• [WHAT TO WORK ON]
Every line of the data below should be printed exactly.

• [DATASET EXTRACT]
++++

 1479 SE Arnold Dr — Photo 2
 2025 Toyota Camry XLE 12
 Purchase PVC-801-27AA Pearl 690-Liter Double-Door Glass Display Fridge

++++

• [FINAL ANSWER]
 1479 SE Arnold Dr — Photo 2
 2025 Toyota Camry XLE 12
 Purchase PVC-801-27AA Pearl 690-Liter Double-Door Glass Display Fridge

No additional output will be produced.